So that was when I stopped thinking of myself as a Christian
and started thinking of myself as an agnostic. I only knew
that I didn’t know what the hell it was all about, and that
I was going to try and find out for myself. After a few years
as a student, and then working in the theatre, I had made
plenty of mistakes, but at least I felt I was living according
to a set of rules that had some grounding in my own
understanding and experience. Even so there were some serious
problems.
Part
of the problem seems to be that you plunge into the deep end
of life with the boundless self-assurance of youth, with the
highest possible ideals and intention, and with the perfect
plan of action , yet in a few months you are up to you neck in
it, miserable as sin, and scared stiff of drowning. And some
people do, but most people flounder to some unsatisfactory way
out of their problems, reflect on it as a ‘learning
experience’, get their breath, and jump right back in again.

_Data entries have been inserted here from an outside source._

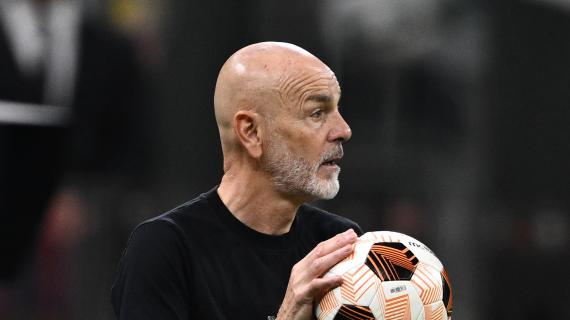 Il bilancio di Pioli tra Inter e Juve: "Darei tutto per cambiare il derby, ora difendiamo il 2° posto"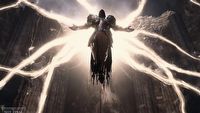 Prasa dostała Diablo 4 w swoje ręce, dziennikarze są zachwyceni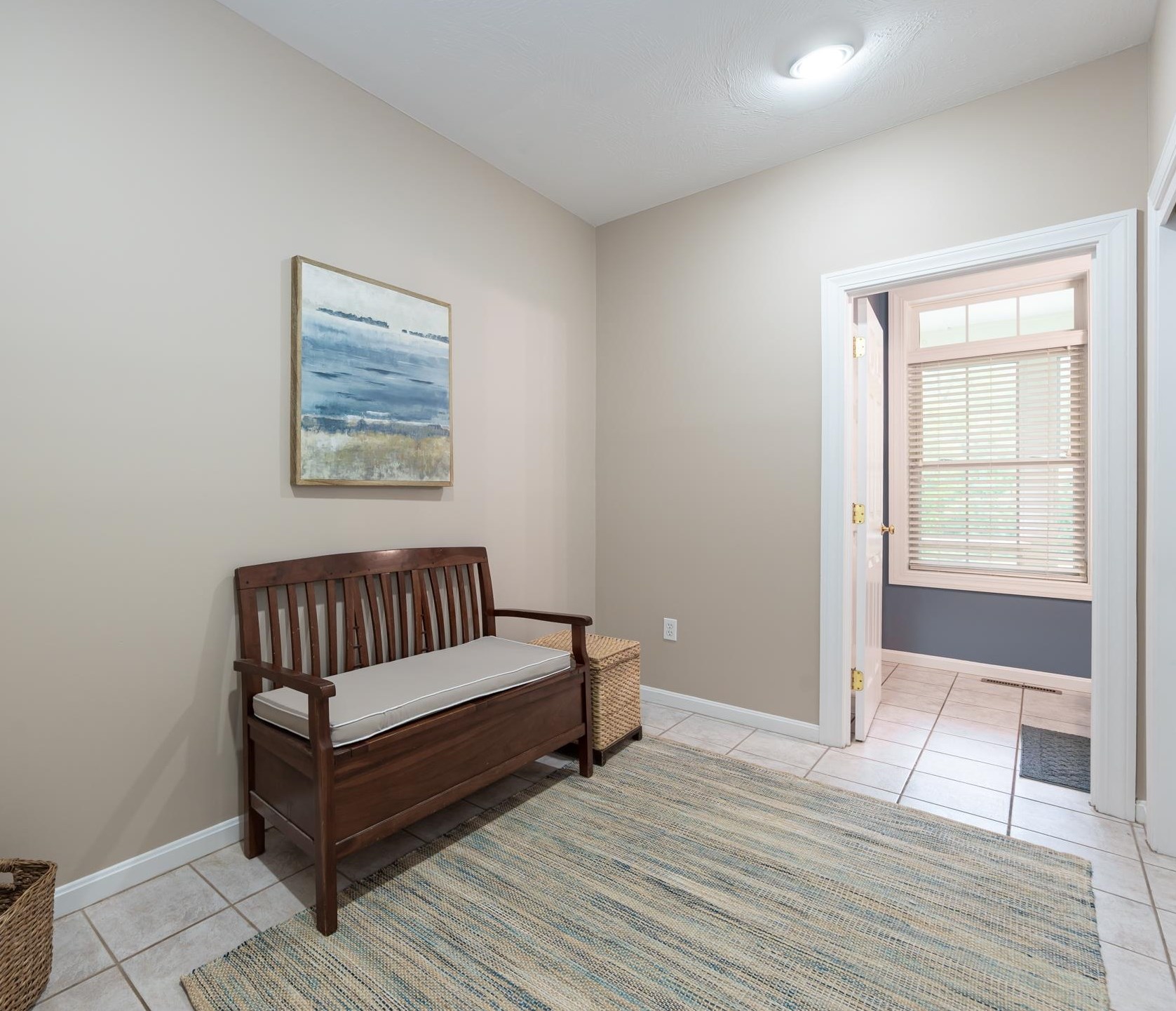 21 Simeon Wilson Road Amherst, NH 03031 - Photo 26 of 40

I did frequently, and by the time that I had reached the end
of my twenties, I was finally beginning to consider that maybe
I was going about things the wrong way. I was quite successful
in my work. I could pick and choose what I wanted to do, and
was being paid well for doing what in my youth I had done for
pleasure. Through the sixties rejection of materialism,
dogmatism, and the thought patters of the industrial
revolution, I was working in a field conspicuous for its
nurturing of personal creativity, and freedom of individual
expression. Working in a job, a large part of the essential
purpose of which was commenting on the human condition, only
served to highlight the fact that I was unable to answer my
own most important questions. How was it possible that I was a
success in virtually everything I did, and was still miserable
and dissatisfied. What I had was a philosophical crisis, and
one thing I knew about philosophy was that there was no point
in looking for an answer. The trick is to look for the right
question. And so we come to the next theme “What is the
meaning of Life?” – Part II – beyond Monty Python.
When
I was a kid, sometime in my teens, I went to the Planetarium
in London, and the wise old astronomer was talking of the
immense distances of the universe and the mind-boggling number
crunching enormity of it all, and he concluded by saying
pretty much “If the thought of all this makes you feel small
and utterly insignificant to the Universe then that’s
because that’s the way it is.” And yes, I had heard all
the big numbers, and seen the photographs of distant nebulae,
but there was absolutely no question about it, I disagreed.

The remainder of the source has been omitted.